**Work to complete**
Your answer must be the exact lines from the one holding "Chaise Gamer DRIFT DR150 NOIR (DR150 NOIR)" through the last line of the records below, with no pictures.
◇ ◇ ◇ ◇ ◇ ◇ ◇
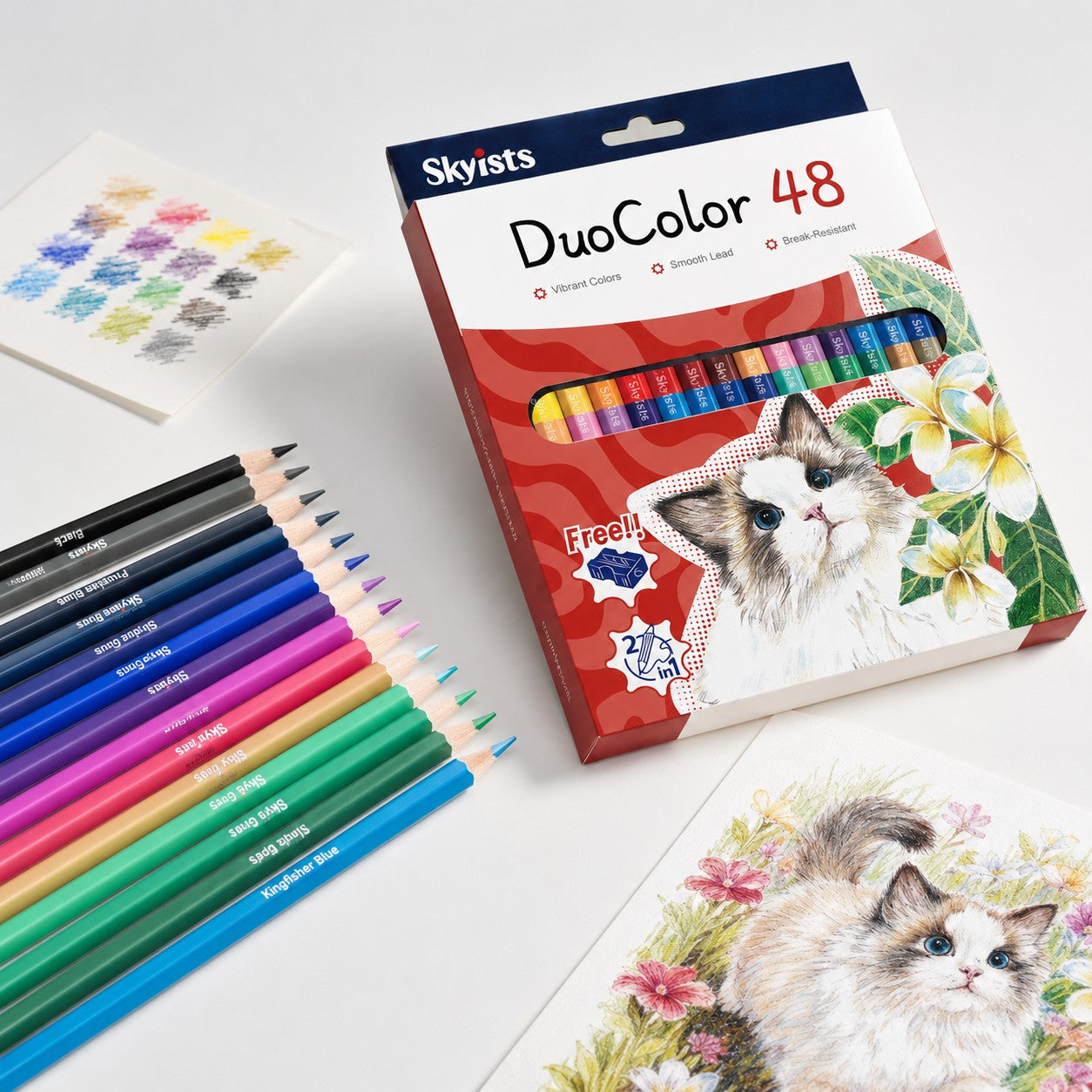Color Pencil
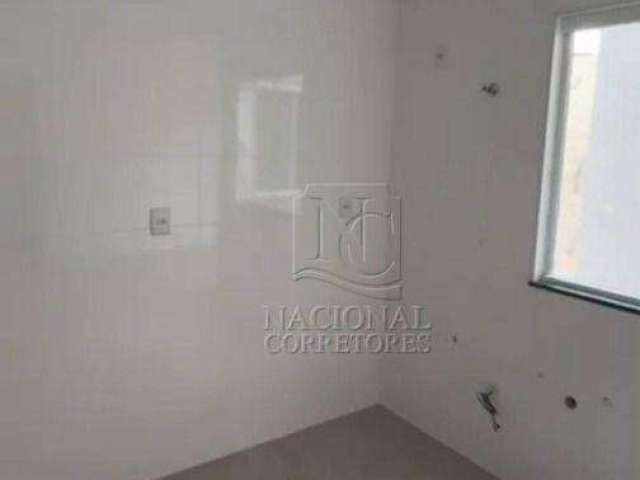 Cobertura com 2 dormitórios à venda, 71 m² por R$ 400.000,00 - Jardim Utinga - Santo André/SP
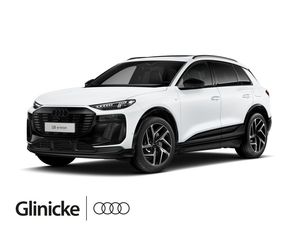 Audi Q6 e-tron qu. S line Luft AHK Pano LM 21" 360° B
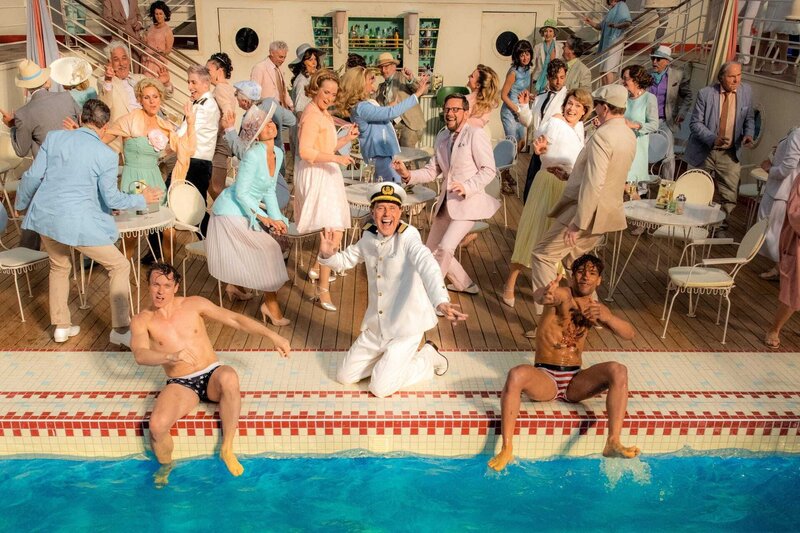 Ich war noch niemals in New York – Bild: ORF/​Graf Film/​© 2019 UFA Fiction Productions /​Ziegler Film/​ Mythos Film/​ Universal Pictures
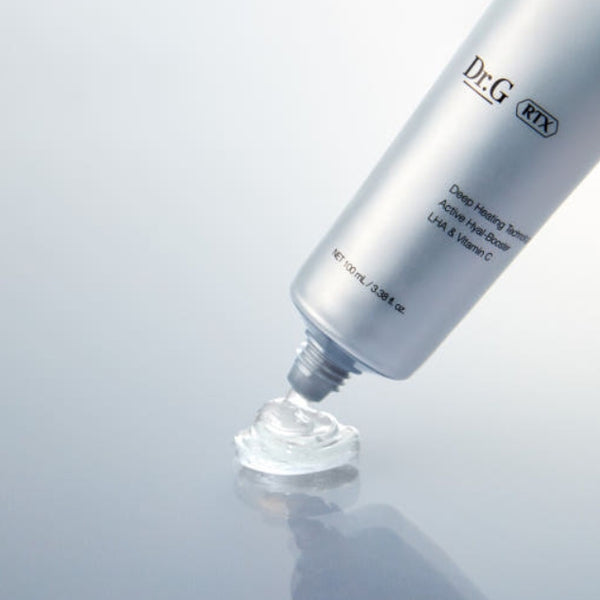 Dr.G RTX Free Cleansing Oil Paste 100ml from Korea by Dr.G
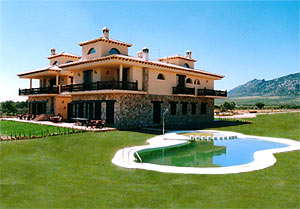 HOTEL RURAL LOS NOGALES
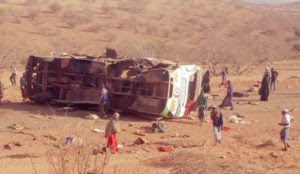 Kenya: Muslims murder five people, injure dozens as bus drives over roadside IED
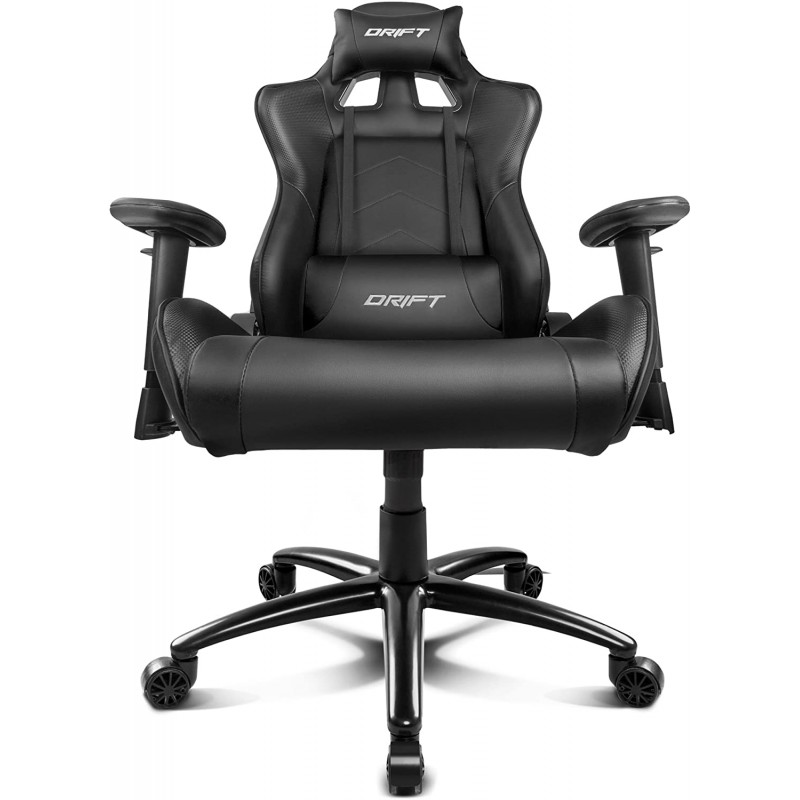 Chaise Gamer DRIFT DR150 NOIR (DR150 NOIR)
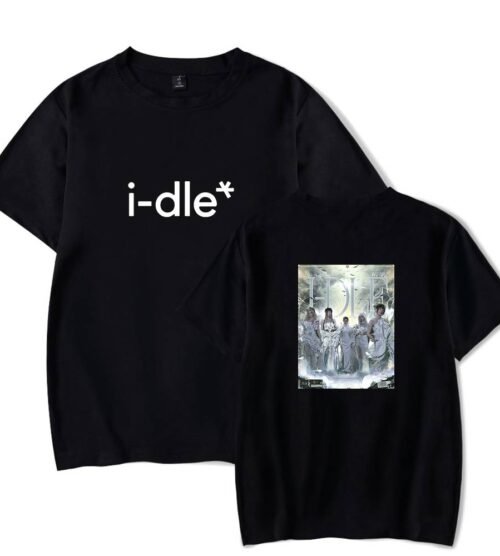 I-dle T-Shirt #4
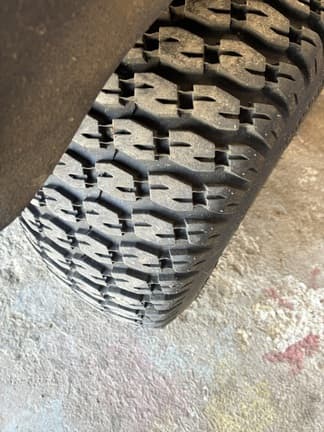 Image of John Deere Z445 equipment image 2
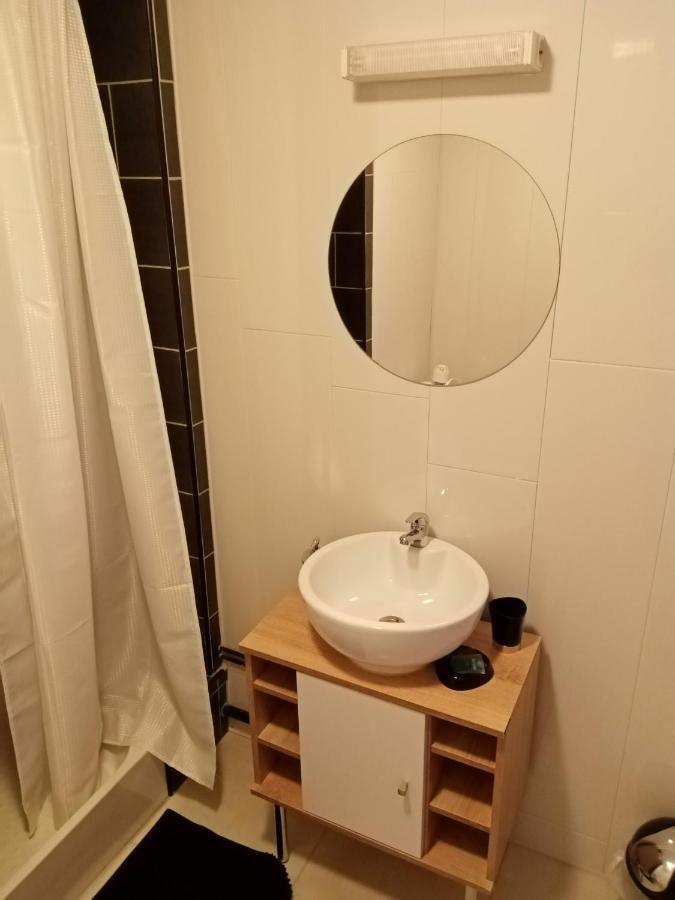 Les P'Tites Pistes Bed & Breakfast Chaux-des-Pres Luaran gambar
◇ ◇ ◇ ◇ ◇ ◇ ◇
**Solution to this exercise**
 Chaise Gamer DRIFT DR150 NOIR (DR150 NOIR)
 I-dle T-Shirt #4
 Image of John Deere Z445 equipment image 2
 Les P'Tites Pistes Bed & Breakfast Chaux-des-Pres Luaran gambar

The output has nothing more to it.